*WORK INSTRUCTION:* Your task is to transcribe the lines from the start of the data below through the line containing "Under the tags, we", inclusive, exactly as they stand and without the pictures.

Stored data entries

........

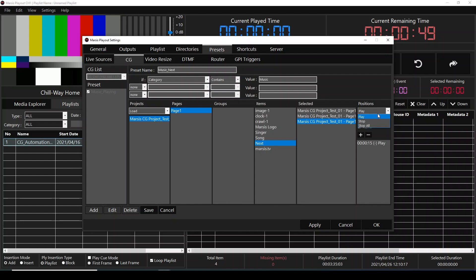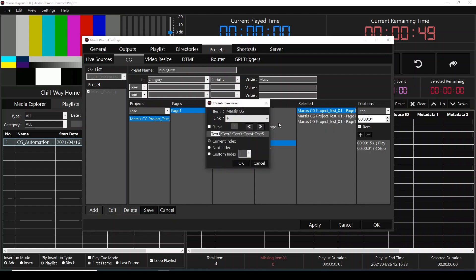Now we're going to set up the parser, starting with the singer. We're going to click Add Parser, give it a name, and enable the parse. Our delimiter sign is a dash, and the singer is before the dash. For that reason, text one will be highlighted, and this time we're going to select next index because 15 seconds before, we will show the next singer. We're going to click next index and click OK.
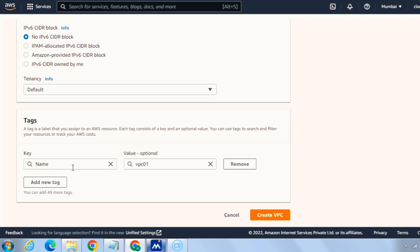Under the tags, we can give up to 50 tags which will specify or give more description to our VPC. I will add one of the tags name as VPC01. I will add another tag, my leaving one, add new tag.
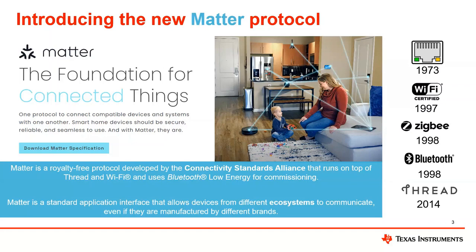As the connectivity space, specifically in homes, has continued to develop, from Ethernet to Wi-Fi to Zigbee to Bluetooth to Thread, the environment in the home has gotten a bit fragmented regarding which connectivity protocols are being used. The ambition of the MATTER protocol, which just had the spec release a couple of months ago, is to unify the fragmentation within the home.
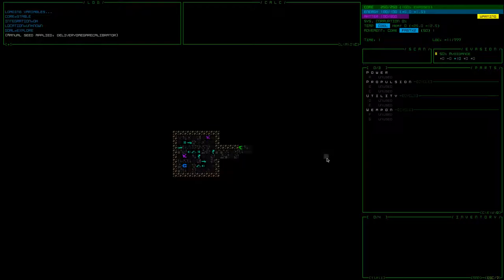Hello everybody, this is Nuzzcraft and welcome back to some Cogmind. Today we're going to be playing a weekly seed number 86 called Delivery Omega Recalibrator. I don't know that I have any specific goals for this run. The last few have been kind of flight related, but I think we're just going to try and be a little bit more conscientious of kind of what we're doing.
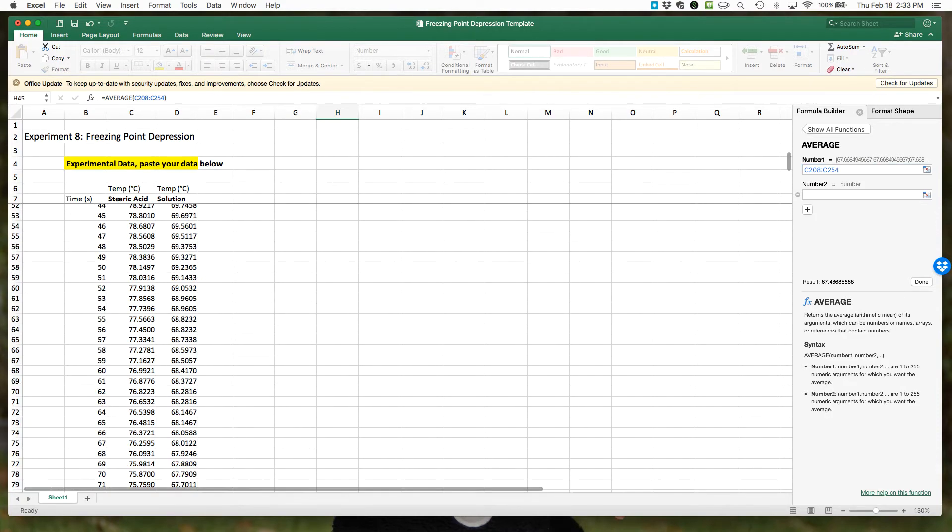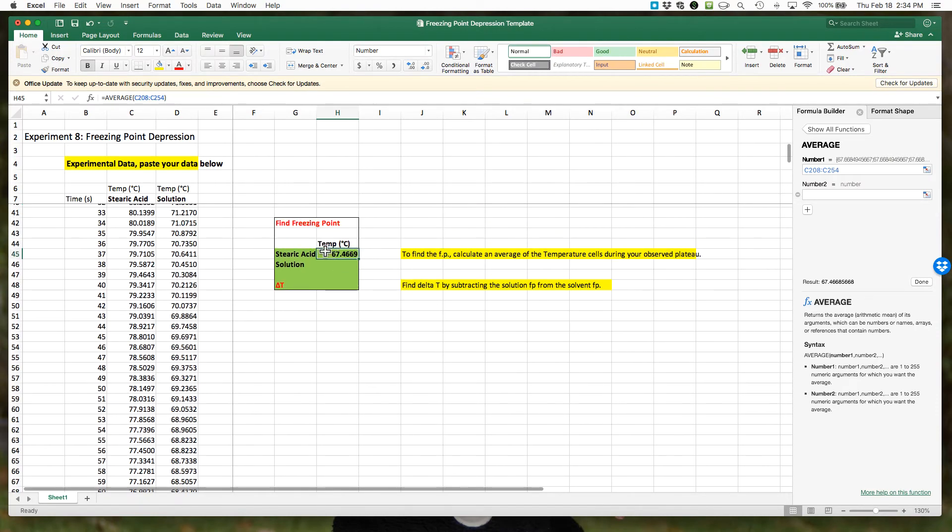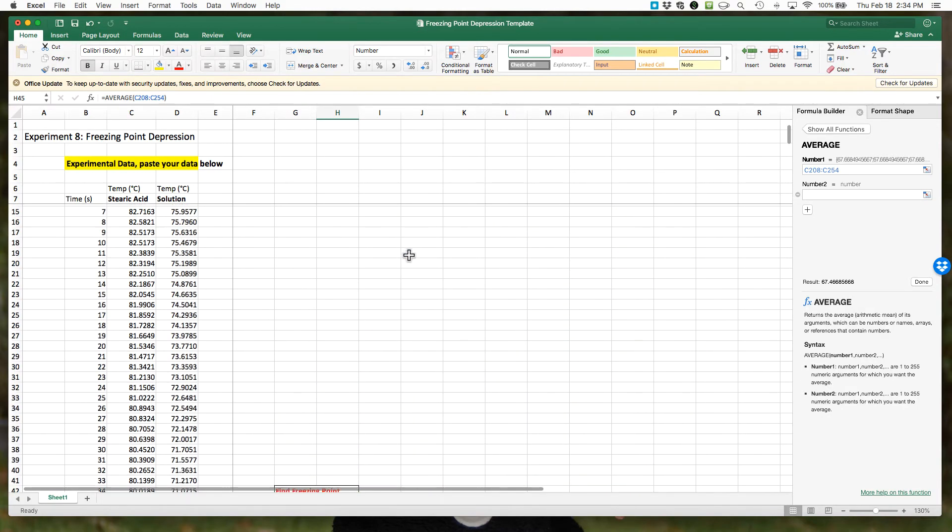Go ahead and hit return, and you can see this calculated an average of those values.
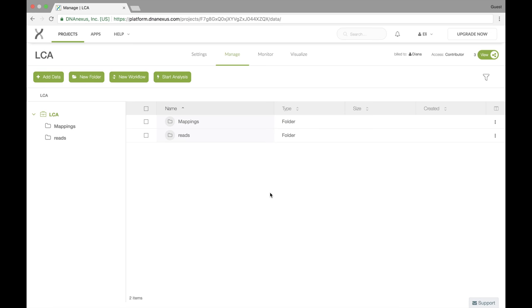Welcome! In the last video we talked about running individual apps. In this video we'll cover running a series of apps in a pipeline known as a workflow on the DNA Nexus platform.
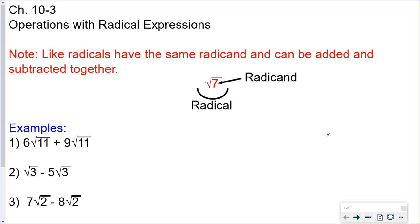This video is on adding and subtracting expressions with radicals, and we're also going to look at multiplying expressions with radicals.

........

*RESPONSE TO THE TASK:*
Now we're going to set up the parser, starting with the singer. We're going to click Add Parser, give it a name, and enable the parse. Our delimiter sign is a dash, and the singer is before the dash. For that reason, text one will be highlighted, and this time we're going to select next index because 15 seconds before, we will show the next singer. We're going to click next index and click OK.
Under the tags, we can give up to 50 tags which will specify or give more description to our VPC. I will add one of the tags name as VPC01. I will add another tag, my leaving one, add new tag.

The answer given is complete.